Whereas such captive populations or “managed species” like honeybees, which are not native to North America, have humans to care for them, wild populations do not. “With honeybee declines, I tend to think of it more as a management issue, because we can take care of them,” CaraDonna says. “For our native bees and our wild bees, they face many of the same challenges, but they’re not managed by humans, and we don’t know nearly as much about them.

“There are all sorts of built-in mechanisms that allow all kinds of organisms, including pollinators, to roll with some punches,” he continues. “But with climate change and habitat destruction and other threats, we’re throwing a whole lot of change at them at once. If we’re not paying attention and we’re not doing things to mitigate the challenges and stresses that these species face, we might find ourselves in a really sticky situation, where species could go extinct and pollinator services could start to really decrease. Once that happens, we’re in really big trouble.”

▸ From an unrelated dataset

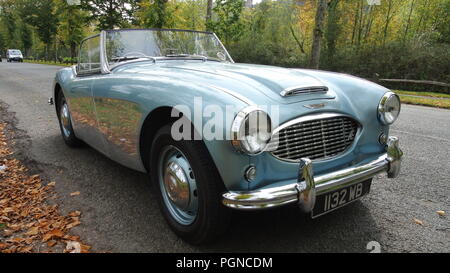 Un Austin Healey 100 del 1957 parcheggiato ad Arundel, Sussex, Inghilterra, Regno Unito Foto Stock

A butterfly on bee balm. Photo: Courtesy Chicago Botanic GardenIf pollinator species begin to go extinct, "we're in really big trouble," says Paul J. CaraDonna, who studies pollinator-plant interactions. Photo: Courtesy Chicago Botanic Garden

Why are pollinators so important? “Pollinators have a very special role that they play,” Tonietto explains. “They’re what helps flowers reproduce, they’re what brings us our fruit and even some vegetables. There’s a frequently cited statistic that one in every three bites of food is brought to us by an animal pollinator. So if you enjoy apples or cherries or pumpkins or watermelons, you have a bee to thank for it.” CaraDonna says that “most of our vitamins – most of what we think of as delicious food – comes from animal-pollinated plants. From an economic perspective and an ecosystem perspective, pollinators are invaluable. They’re vital for the proper functioning of our natural and our agricultural ecosystems.”

Those ecosystems are complicated systems that rely on many interdependent parts, from flora to fauna. “These individual relationships are all part of this intricate balance in our community’s ecology,” Tonietto says. “You aren’t sure which is the important linchpin, and the concern is that, if one is gone, the whole thing might just fall apart.”